![]() Andrea De Simone (Confartigianato) |
– E’ stato presentato oggi il tradizionale rapporto sull’edilizia elaborato dall’ufficio studi di Confartgianato che ha scattato una fotografia di uno dei settori trainanti dell’economia, al fine di fornire uno strumento utile per leggere la realtà che le micro e piccole imprese del settore stanno vivendo.
Una fotografia da cui esce un quadro molto preoccupante. Il comparto delle costruzioni è al palo. Si continuano a registrare per il terzo anno consecutivo, un calo preoccupante di lavoro, fatturato e occupazione, in concomitanza con due fattori aggravanti, la scarsità dei finanziamenti erogati alle imprese e alle famiglie da parte delle banche e i biblici ritardi nei pagamenti della pubblica amministrazione.
“Una crisi finanziaria che è diventata crisi economica prima e crisi dei consumi poi, fermando il mercato immobiliare – sottolinea il segretario provinciale Andrea De Simone – se il privato non investe, il pubblico non aiuta di certo. L’imu che è stata un bagno di sangue per tutti i cittadini è stata una catastrofe per le imprese che hanno dovuto pagare l’imu sulle case invendute, cioè sui loro beni di prioduzione.
L’artigianato, e il settore dell’edilizia in particolare – continua De Simone – è da sempre portatore di valori e competenze che purtroppo si vanno sempre più smarrendo. L’impegno personale, l’assunzione di responsabilità il coinvolgimento diretto anche patrimoniale devono essere valorizzati e posti al pcentro delle politiche pubbliche”.
I numeri che emrgono in questa edizione del rapporto Anaepa Confartigianato appaiono inequivocabili: l’edilizia sta vivendo il suo periodo più difficile. In questo scenario, si vanno tuttavia , rafforzando alcune linee di tendenza da sviluppare per provare a contrastare la crisi.
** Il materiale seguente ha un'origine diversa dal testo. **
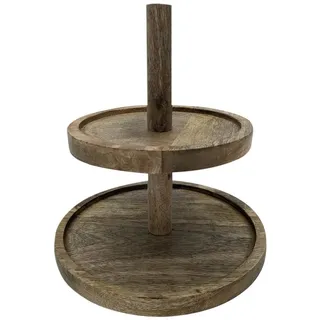 Spetebo Etagere Mangoholz Etagere mit 2 Ablagen - 25 cm, Mangoholz, (Packung, 1-tlg., 1 x Servierständer), Servierständer aus Holz beige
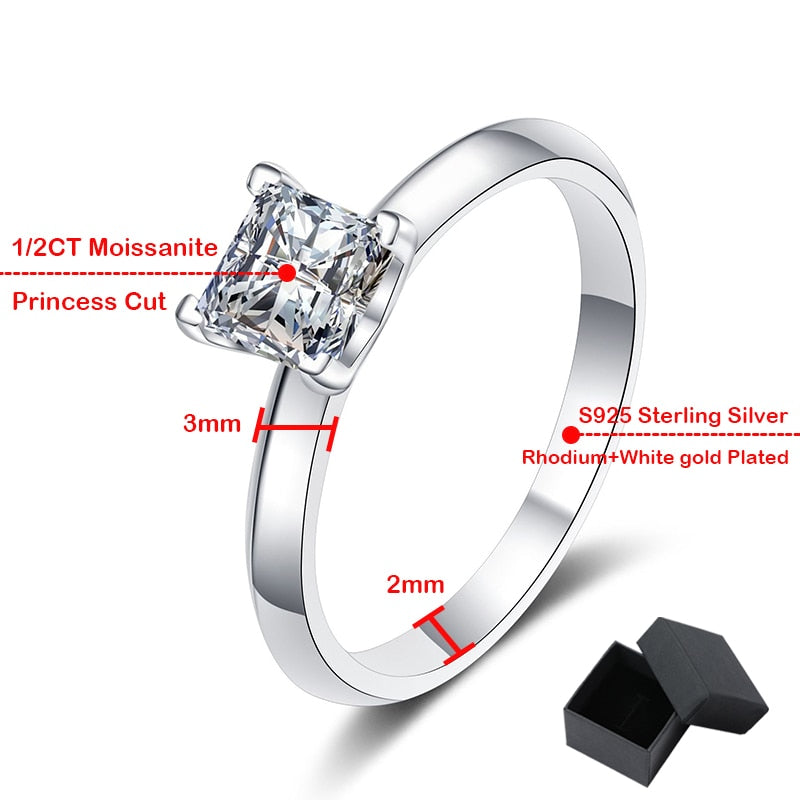 No.23[Cube] Real Moissanite Ring with 925 Sterling Silver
Innanzitutto, sembra prevalere il passaggio dal costruire al costruito con un attenzione al recupero e al risanamento. La riqualificazione urbana della città diventa un orizzonte possibile dove concentrare risorse e utilizzare la capacità delle imprese artigiane.
Se come si va affermando da più parti, la grande sfida della modernità è un’economia sempre più sostenibile, che guarda all’efficienza e al risparmio energetico, alla riduzione di co2 e a un percorso di qualificazione del sistema produttivo e del patrimonio edilizio esistente, allora il settore delle costruzioni è in grado di assumere un ruolo centrale nelle scelte dei decisori istituzionali.
Per restituire vivacità al settore – conclude De Simone – c’è bisogno di una inversione di tendenza decisa, occorre procedere con interventi diffusi sul territorio, perché senza investimento non può esserci crescita. Gli imprenditori come sempre sono pronti a fare per intero la loro parte”.